Manuel Pereira sabia que se queria voltar a Pugido
não podia contestar as ordens que lhe davam.
Faltavam
cerca de 15 minutos para as oito da manhã. Por isso, os lábios mexeram-se num arraite imperceptível.
Manuel
Pereira reconhece Ferreira de Almeida. Este
enverga o fardamento de chauffeur, dólman e calção à chantilly. Acompanha-o um
capelão militar. Uma espécie de terror no seu olhar triste, espalha uma
angústia pungente em seu redor.
As
armas estão apontadas e Manuel Pereira treme pela primeira vez na sua vida. A
vista fica-lhe turva e na cabeça tocam os sinos dobrados da torre de Gondoriz, de
S. Tomé, da Lapa e do Espírito Santo. Todos duma vez só.
Que
vais fazer, Manuel Pereira? Que vais fazer tu? Colaboras nesta desgraça ou
manténs-te silencioso e ficas impune perante a tua alma? S. Bento e Nossa
Senhora da Guia me ajudem, que isto não é guerra nenhuma, isto é mas é o
inferno! Agora já é muito tarde para o cavanço!
Das
doze armas que compunham o pelotão de execução, apenas onze dispararam. Apenas
se ouviriam onze balázios, se alguém
se desse ao trabalho de os contar. Se alguém o fez também o não contou a
ninguém.
Na
cabeça de Manuel Pereira ficou registado uma salva contínua sem parar, tempo
infinito, num cemitério de guerra, próximo
do lugar do suplício, do lado de lá da Estrada de Bacquerot, num campo de
cultura, cercado de arame farpado, vendo descer à cova o cadáver sangrento
daquele que a justiça condenara a morrer sob a infamante acusação de traição à
Pátria.
Ouvira comentar que fora o primeiro (e único, dizemos nós)
fuzilamento consumado entre as tropas portuguesas, em França.

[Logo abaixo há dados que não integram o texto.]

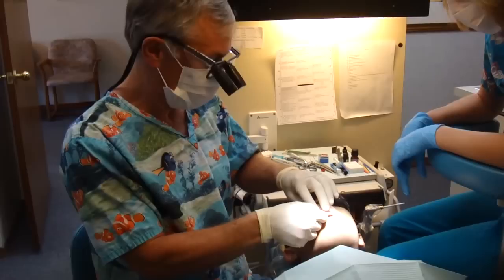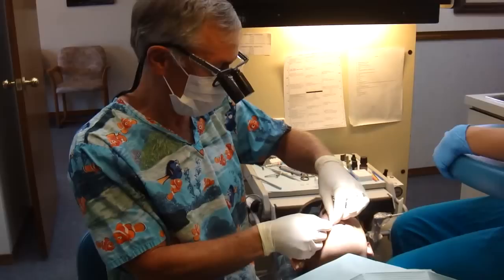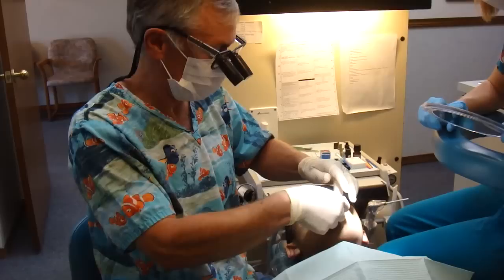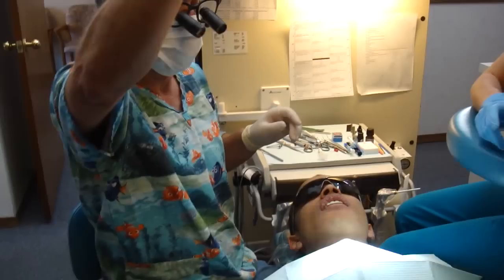These are not cemented on, so you have to be careful when I show them to you. I'm going to get you a mirror in a second, but you won't be able to really say anything because I don't want your tongue to knock them off. They fit perfect. So here they are, just kind of sitting there. They're not cemented in yet. Mo, take your sunglasses off. Remember, those are just kind of sitting there. You can't say anything.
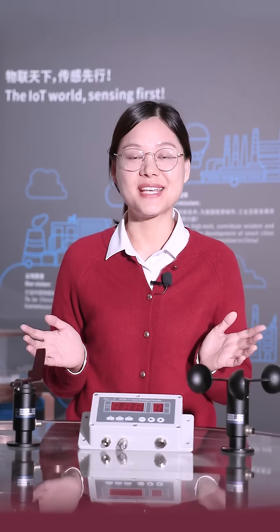Hi, welcome to First Street Sensor. My name is Phoebe. Today I will introduce our wind sensors to you.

Mesmo
à noite, ainda os tiros ecoavam na sua cabeça, sem um grito de condenado.
Apenas dizia baixinho para si próprio: o homem morre, para afirmar o poder
absoluto de uns tantos, sobre a vida de cada um. Para servir de exemplo e
vivermos assustados. Obedecer e morrer como carneiros! Maldita vida esta! O que
acontece aos cachapins e aos palmípedes?
E aos básicos? Nada. O que eles
precisavam era dum bom porco!
Manuel Rodas
Vocabulário e termos utilizados pelos soldados portugueses, na Flandres na I Grande Guerra!
"Front" (linha
da frente),
"Ir aos arames" (ir de encontro ao arame farpado),
"Arraite" (do inglês all rigth),
"Avenida Afonso Costa" (terra de ninguém),
"Balázio"(tiro de pistola ou metralhadora)
"Bife" (soldado
inglês),
"Boche" (soldado
alemão, derivante do francês caboche),
"Cachapin" (oficial ou soldados que conseguiram ser
transferidos para a retaguarda, ou que tendo ordem de ir para as trincheiras
nunca lá chegaram),
"Cavanço" (fuga para a retaguarda),
"Lãzudo" (soldado
português),
"Recoca" (serviços
de apoio na primeira linha, cozinheiros, tratadores de gado, condutores, etc.
longe do parapeito),
"Toupeira", "Trincha" (soldado das trincheiras),
"Porco" (projéctil
de morteiro pesado),
"Salchichas" (balões de observação ou drachens),
"Luísa" (metralhadora inglesa Lewis),
"Básicos" (oficiais da base),
"Palmípedes" (oficiais do Estado – Maior que anda de
carro e dorme debaixo de telha), entre muitos mais que ficaram.